[[ SUPPLIED INFORMATION, beginning ]]

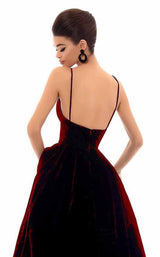 12 of 12 Tarik Ediz 93698 Burgundy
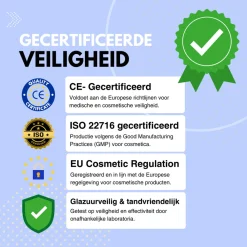 Luxury White Ultimate Whitening+ Clearance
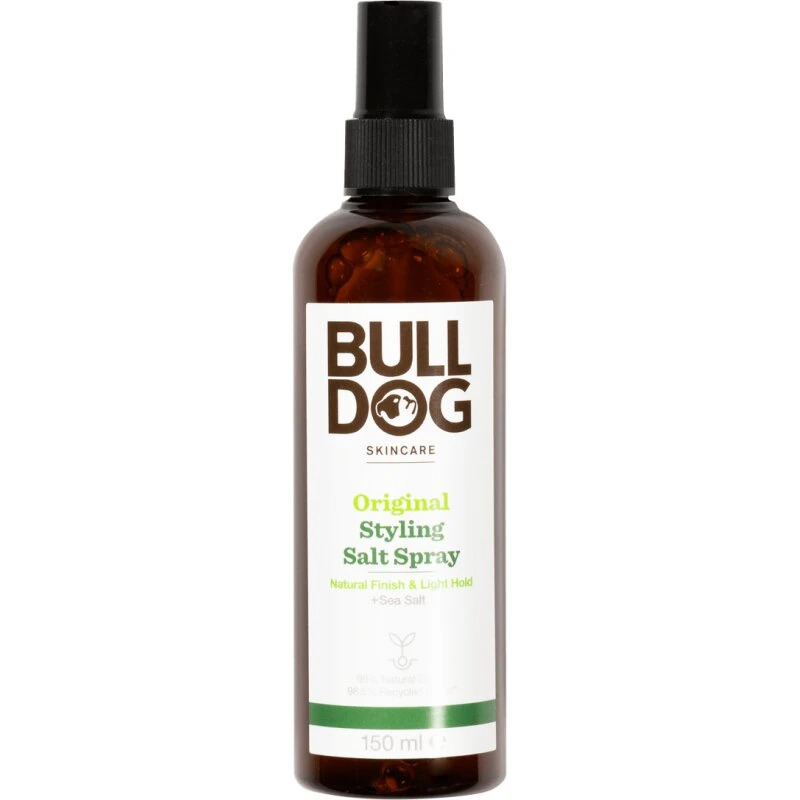 Bulldog Original Styling Salt Spray 150 ml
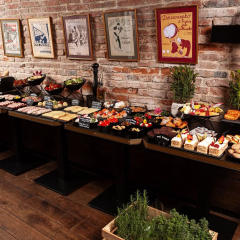 Teatro Hotel - Destigo Hotels - Bild 11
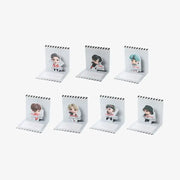 BTS - TinyTAN - Mini Popup Card - BTS - Accessories - Harumio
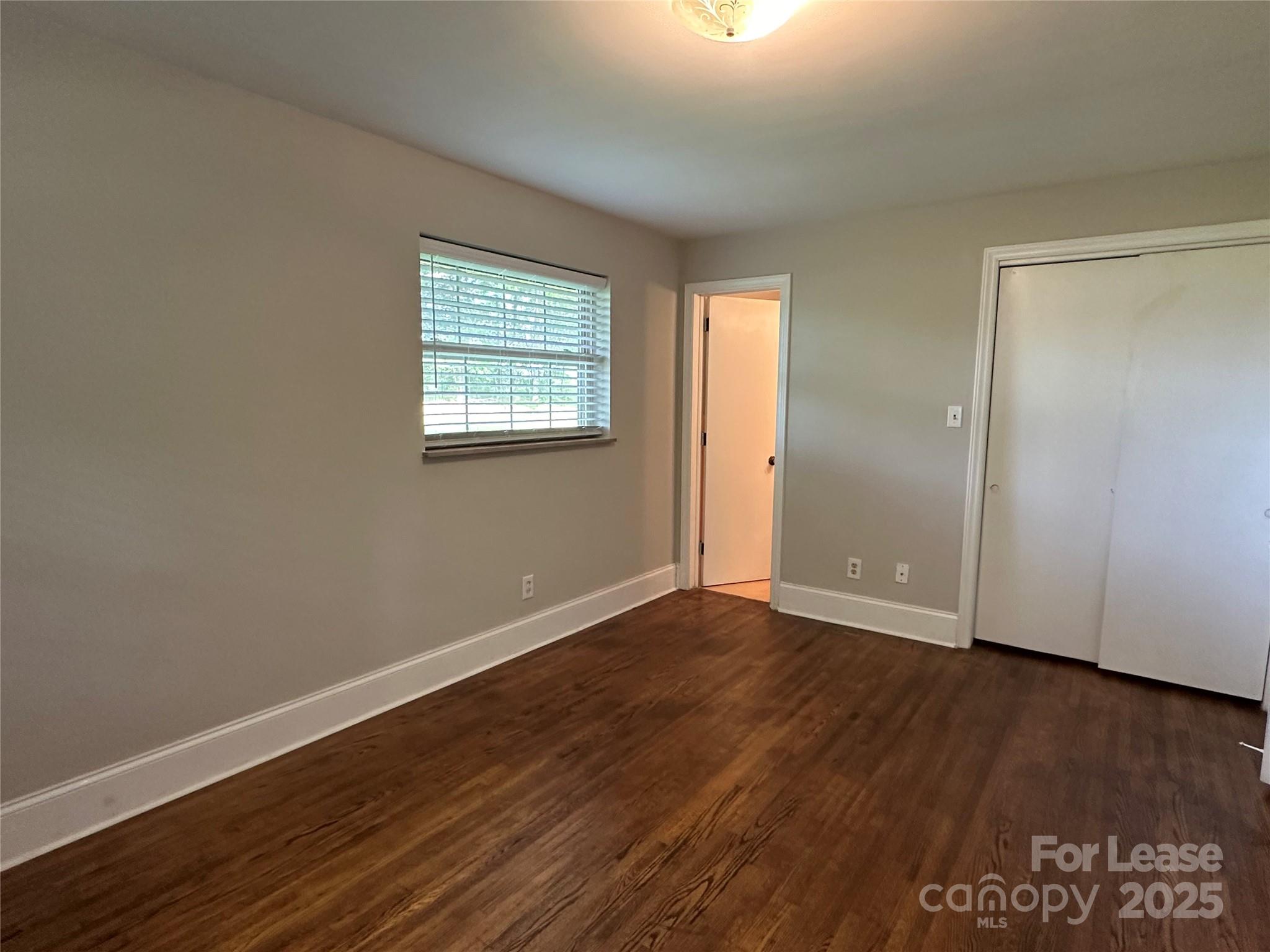 Oakdale Forest - Residential Lease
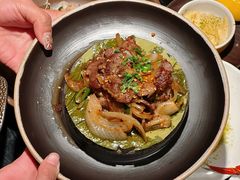 -松鹤精致料理(五一中路店)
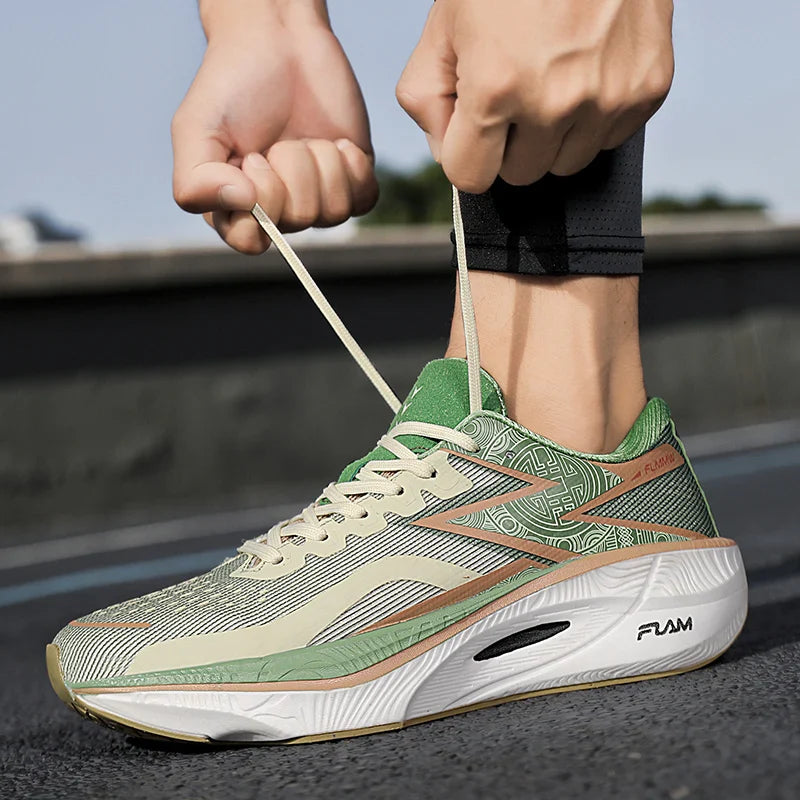 TrailX Speed 5's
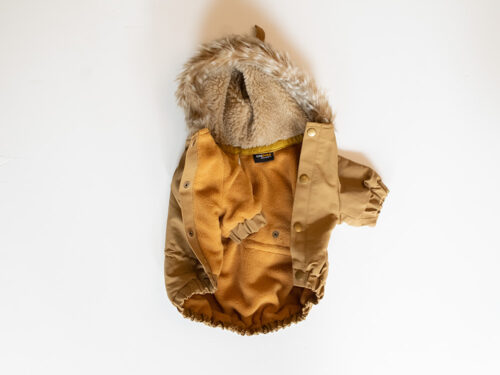 MOZZ COAT【CML】 - 画像 (10)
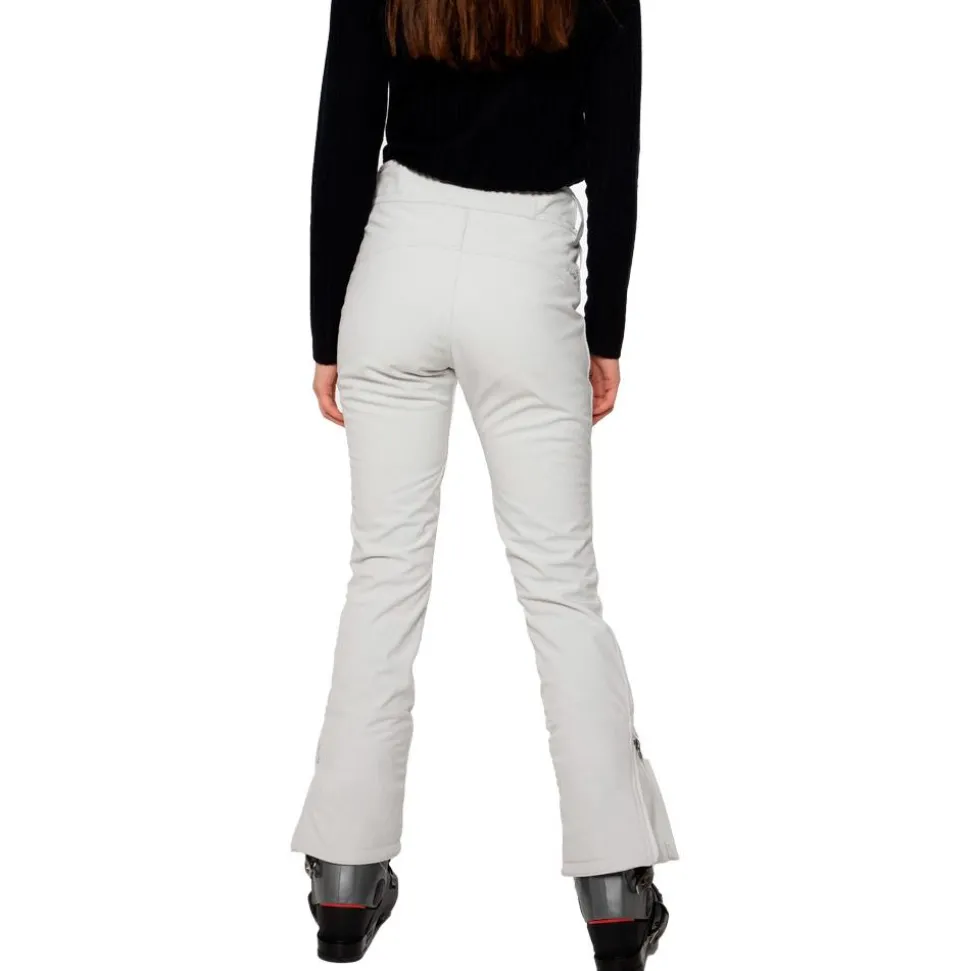 Pantalon Ski Protest Lole Softshell Seashell
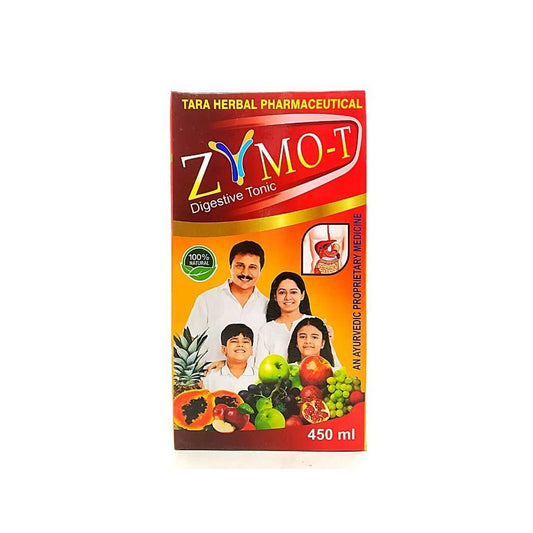 ZYMO-T TONIC PACK OF 2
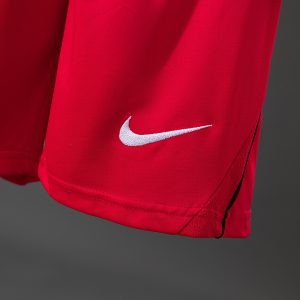 Canada 2026 Home Kids Kit Jersey – Replica Football Soccer Shirt – Size 16–28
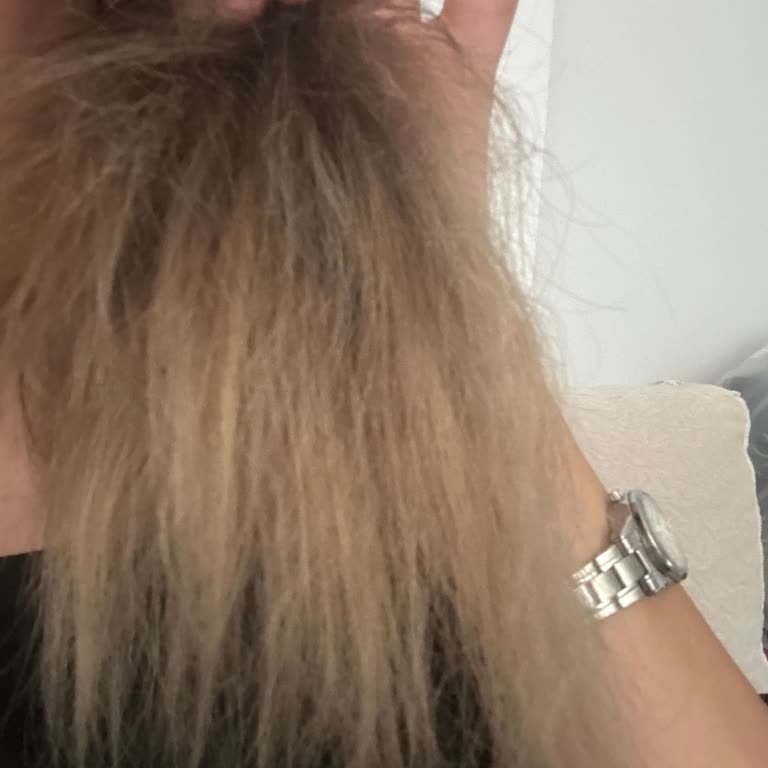 Erhan Akkaya Kuaför Saç Boyama İşleminde Yaşadığım Mağduriyet ve Ücret İadesi Talebim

[[ SUPPLIED INFORMATION, end ]]

▸ **EXERCISE**
What must be output is the exact run of lines from the one holding "BTS - TinyTAN" through the end of the entries above, both ends included, minus the pictures.

▸ **ANSWER FOR THE TASK**
 BTS - TinyTAN - Mini Popup Card - BTS - Accessories - Harumio
 Oakdale Forest - Residential Lease
 -松鹤精致料理(五一中路店)
 TrailX Speed 5's
 MOZZ COAT【CML】 - 画像 (10)
 Pantalon Ski Protest Lole Softshell Seashell
 ZYMO-T TONIC PACK OF 2
 Canada 2026 Home Kids Kit Jersey – Replica Football Soccer Shirt – Size 16–28
 Erhan Akkaya Kuaför Saç Boyama İşleminde Yaşadığım Mağduriyet ve Ücret İadesi Talebim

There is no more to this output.